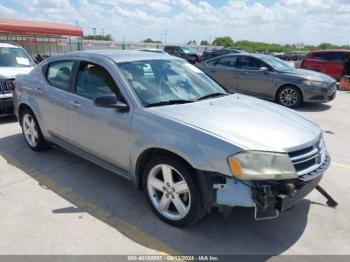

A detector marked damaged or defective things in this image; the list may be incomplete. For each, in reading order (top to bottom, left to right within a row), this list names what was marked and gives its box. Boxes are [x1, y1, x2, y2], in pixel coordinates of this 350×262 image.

damaged headlight assembly [227, 150, 298, 181]
damaged front bumper [213, 152, 330, 220]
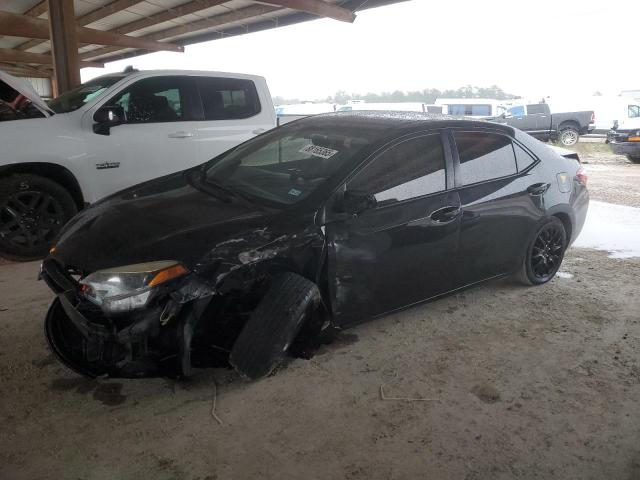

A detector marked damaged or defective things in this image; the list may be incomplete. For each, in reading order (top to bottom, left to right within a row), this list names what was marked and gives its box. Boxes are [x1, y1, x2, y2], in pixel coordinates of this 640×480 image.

crumpled hood [0, 69, 53, 116]
bent wheel well [0, 163, 84, 210]
crumpled hood [53, 172, 288, 274]
damaged black sedan [40, 112, 592, 378]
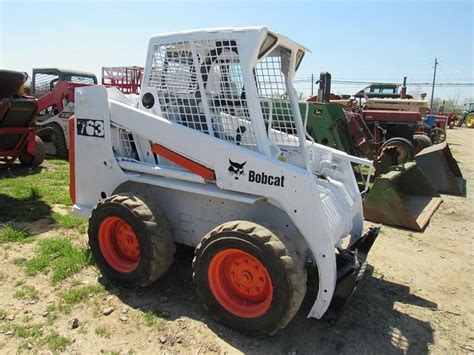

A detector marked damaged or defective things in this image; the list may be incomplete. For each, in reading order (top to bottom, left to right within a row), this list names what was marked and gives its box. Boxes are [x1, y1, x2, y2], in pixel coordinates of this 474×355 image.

rusty bucket [362, 161, 444, 231]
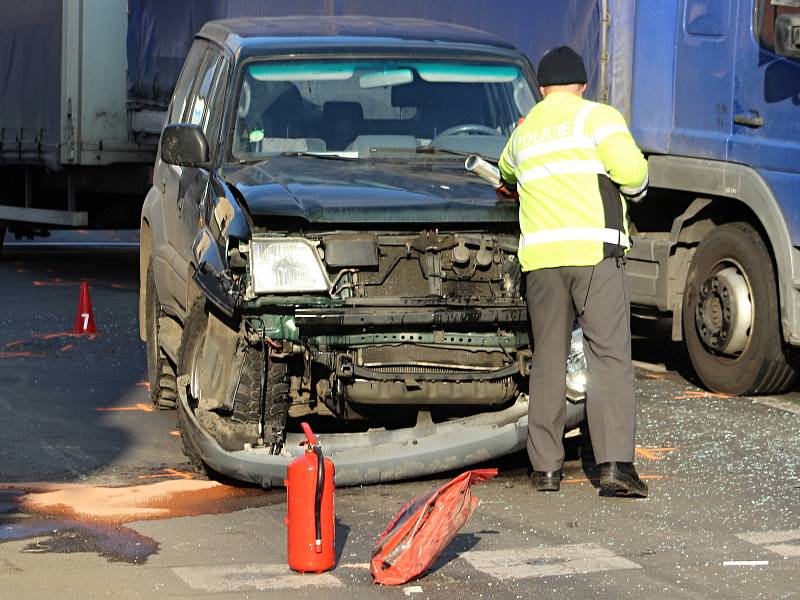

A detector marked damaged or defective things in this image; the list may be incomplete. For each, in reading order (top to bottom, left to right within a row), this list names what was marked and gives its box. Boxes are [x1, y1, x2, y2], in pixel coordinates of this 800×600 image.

crumpled hood [223, 157, 520, 225]
broken headlight [248, 239, 326, 296]
damaged suv [141, 17, 584, 488]
broken headlight [568, 328, 588, 404]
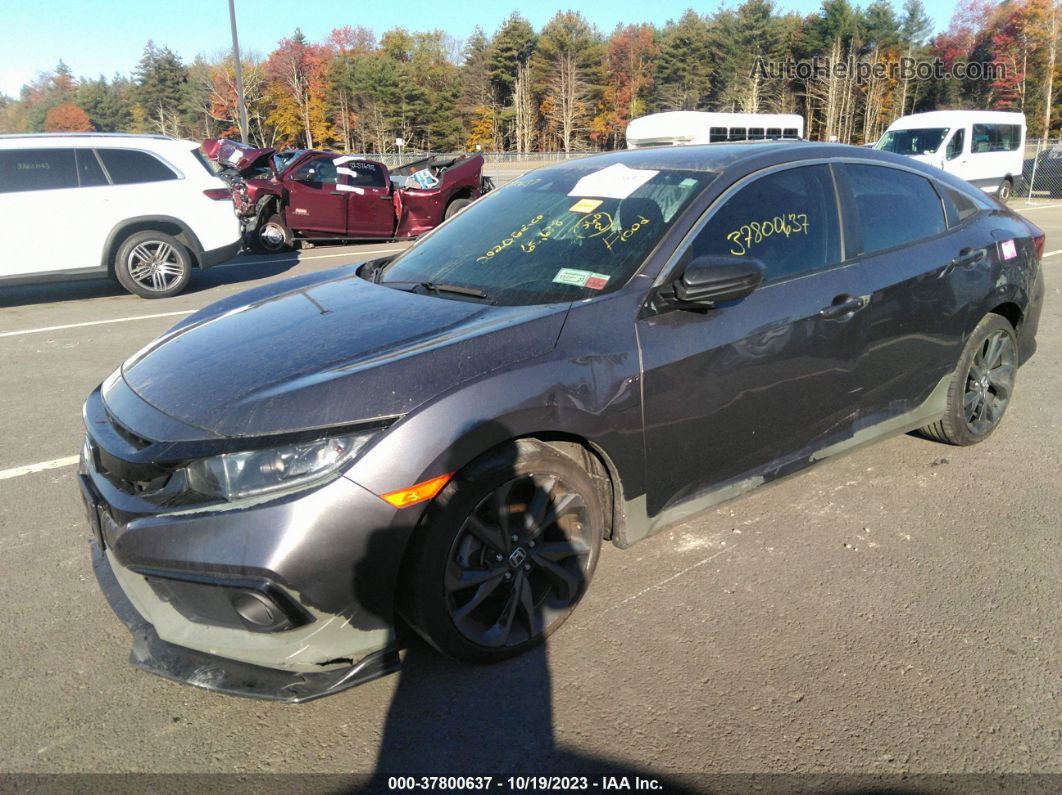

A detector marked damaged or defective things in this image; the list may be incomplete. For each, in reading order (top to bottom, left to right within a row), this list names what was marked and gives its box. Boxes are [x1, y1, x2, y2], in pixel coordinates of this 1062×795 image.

maroon damaged car [202, 137, 488, 252]
damaged car hood [118, 269, 573, 437]
damaged front bumper [89, 539, 399, 700]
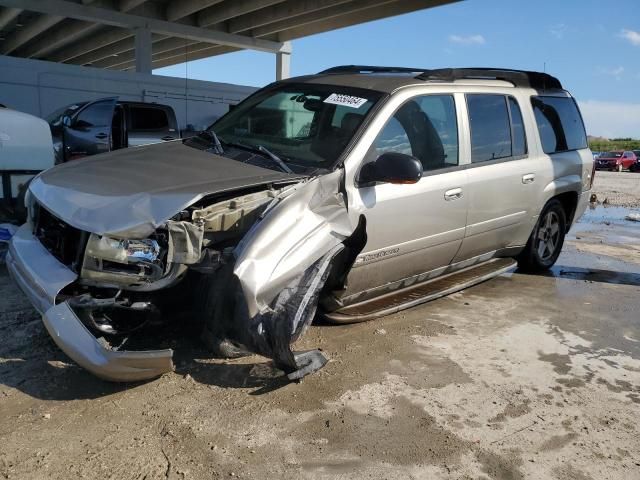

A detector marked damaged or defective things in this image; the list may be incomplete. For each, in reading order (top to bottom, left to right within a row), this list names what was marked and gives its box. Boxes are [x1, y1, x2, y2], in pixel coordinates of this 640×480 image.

detached bumper piece [6, 225, 175, 382]
broken headlight [79, 233, 168, 288]
crumpled hood [28, 141, 302, 238]
damaged silver suv [6, 67, 596, 382]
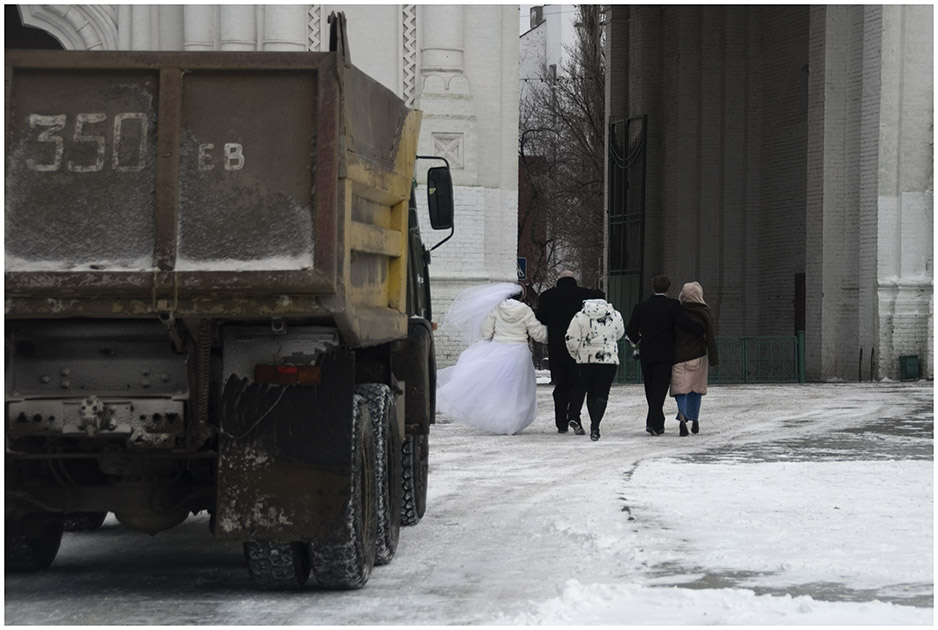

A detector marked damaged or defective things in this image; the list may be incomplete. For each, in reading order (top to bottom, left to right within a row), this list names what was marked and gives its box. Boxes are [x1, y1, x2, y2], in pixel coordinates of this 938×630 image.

rusty truck body [3, 18, 450, 592]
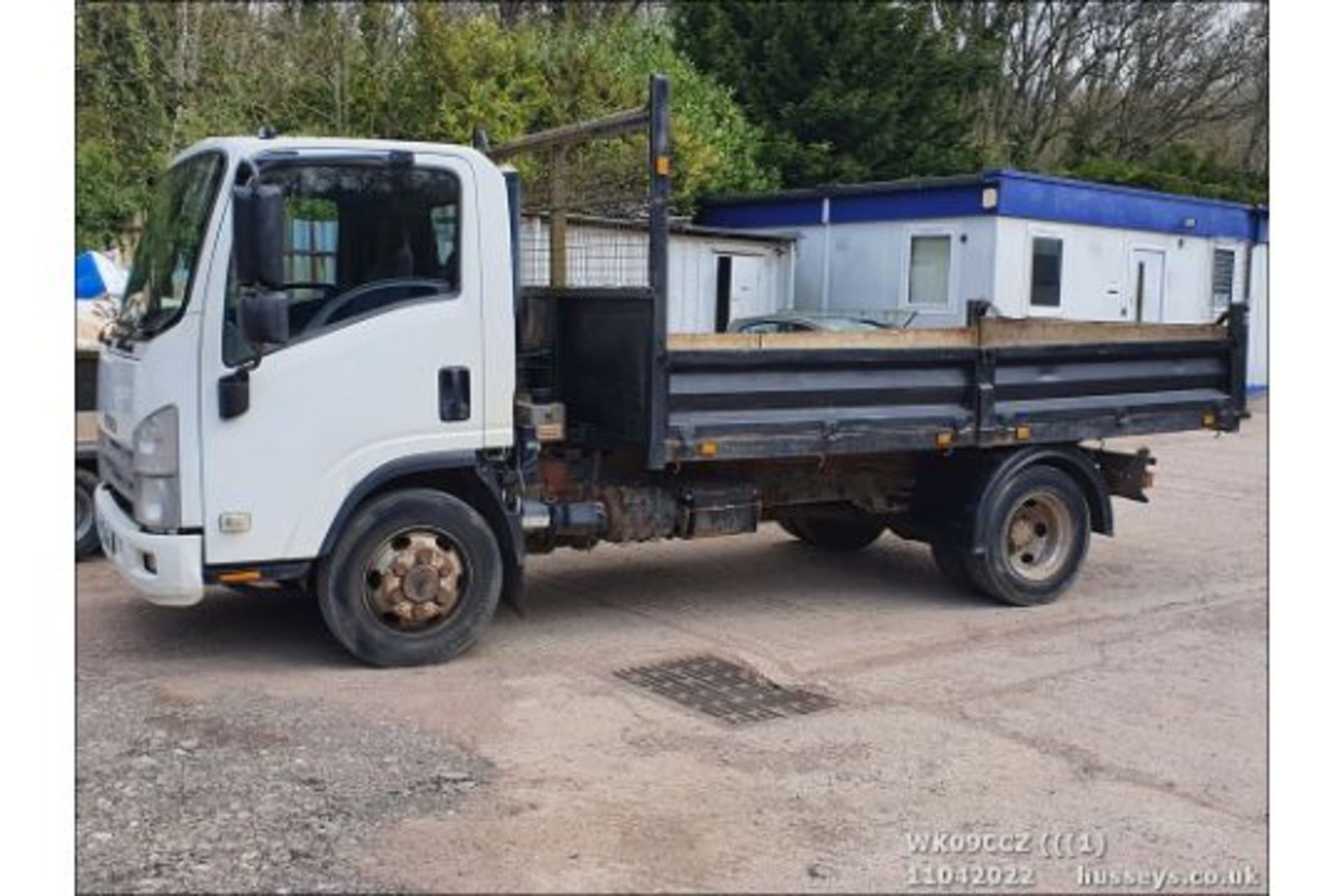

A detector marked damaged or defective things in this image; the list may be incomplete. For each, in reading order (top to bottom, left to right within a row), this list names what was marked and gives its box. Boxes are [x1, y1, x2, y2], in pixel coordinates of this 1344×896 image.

rusty wheel hub [363, 531, 468, 631]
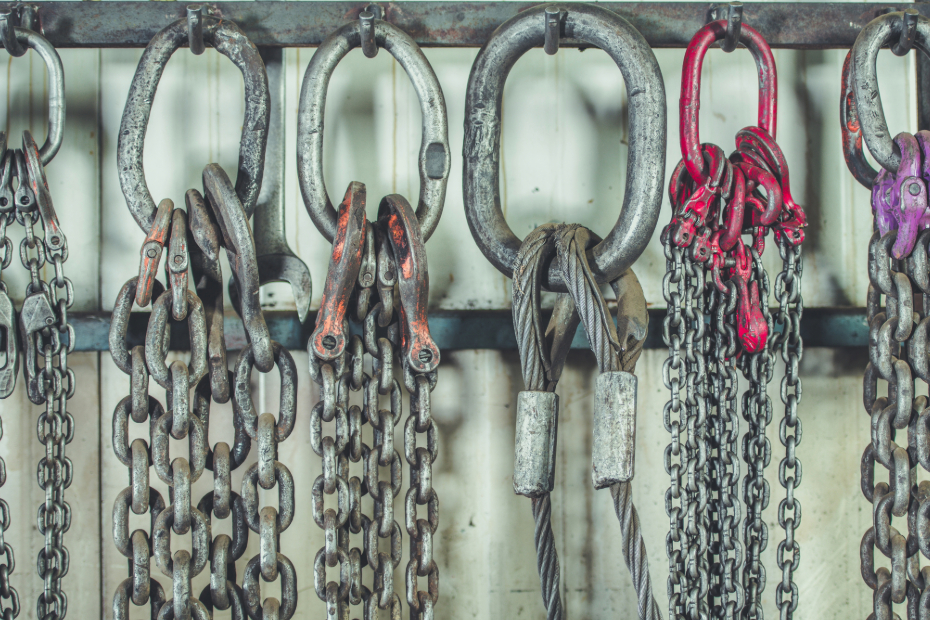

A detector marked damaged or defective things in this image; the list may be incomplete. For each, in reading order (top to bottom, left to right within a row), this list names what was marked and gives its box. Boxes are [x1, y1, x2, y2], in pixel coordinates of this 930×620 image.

rusty metal surface [16, 1, 928, 48]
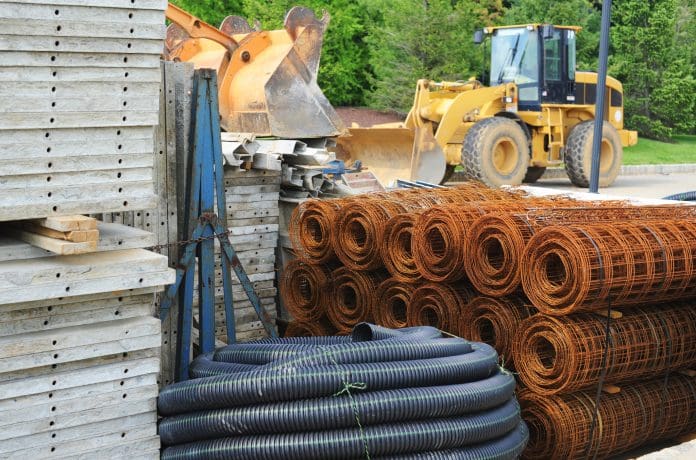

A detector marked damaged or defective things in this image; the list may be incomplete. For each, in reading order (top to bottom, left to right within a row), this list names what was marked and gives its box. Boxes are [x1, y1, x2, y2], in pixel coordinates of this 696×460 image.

rusty wire mesh roll [278, 260, 334, 322]
rusty wire mesh roll [282, 316, 338, 338]
rusty wire mesh roll [288, 197, 348, 262]
rusty wire mesh roll [328, 266, 388, 334]
rusty wire mesh roll [376, 278, 418, 328]
rusty wire mesh roll [408, 280, 474, 334]
rusty wire mesh roll [460, 296, 536, 368]
rusty wire mesh roll [462, 203, 696, 296]
rusty wire mesh roll [512, 302, 696, 396]
rusty wire mesh roll [520, 220, 696, 314]
rusty wire mesh roll [520, 374, 696, 460]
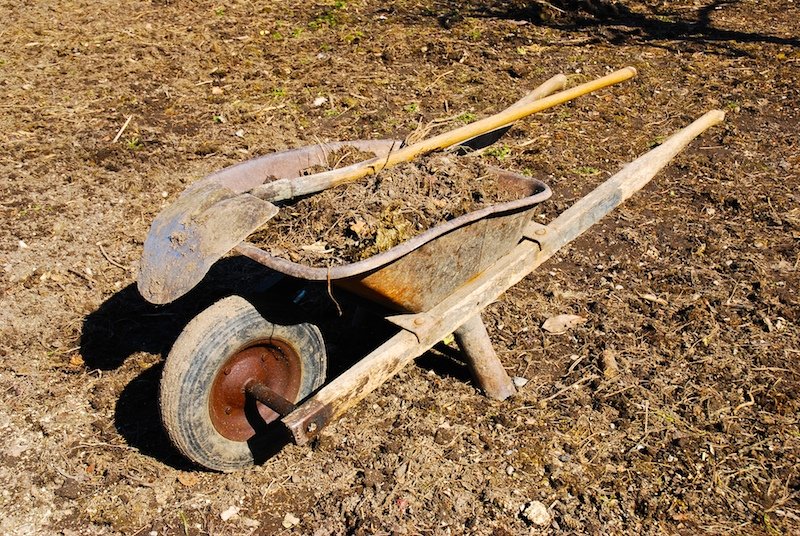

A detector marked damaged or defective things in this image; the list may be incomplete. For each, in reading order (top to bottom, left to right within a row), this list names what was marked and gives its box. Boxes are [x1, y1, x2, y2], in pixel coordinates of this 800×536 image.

rust [208, 338, 302, 442]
□ □ □ □ □
> _WORK TASK_:
Copy out, exactly and without pictures, each line from the one containing "this 696×460 image." through the final line of the entries, both ends included.

> _FINISHED TASK_:
A detector marked damaged or defective things in this image; the list may be incomplete. For each, in reading order (top to bottom, left to right within a row), this list names what was marked and gives its box. Boxes are [x1, y1, x2, y2], in pixel coordinates of this 696×460 image.

rusty wire mesh roll [278, 260, 334, 322]
rusty wire mesh roll [282, 316, 338, 338]
rusty wire mesh roll [288, 197, 348, 262]
rusty wire mesh roll [328, 266, 388, 334]
rusty wire mesh roll [376, 278, 418, 328]
rusty wire mesh roll [408, 280, 474, 334]
rusty wire mesh roll [460, 296, 536, 368]
rusty wire mesh roll [462, 203, 696, 296]
rusty wire mesh roll [512, 302, 696, 396]
rusty wire mesh roll [520, 220, 696, 314]
rusty wire mesh roll [520, 374, 696, 460]

A detector marked damaged or defective things in this image; the list may be incomplete. For each, in reading order (top to bottom, left to right within a row), this list names what was marked and gives its box. Boxes are [x1, y1, x2, y2], in pixel coordinates of this 800×536 image.

rust [208, 338, 302, 442]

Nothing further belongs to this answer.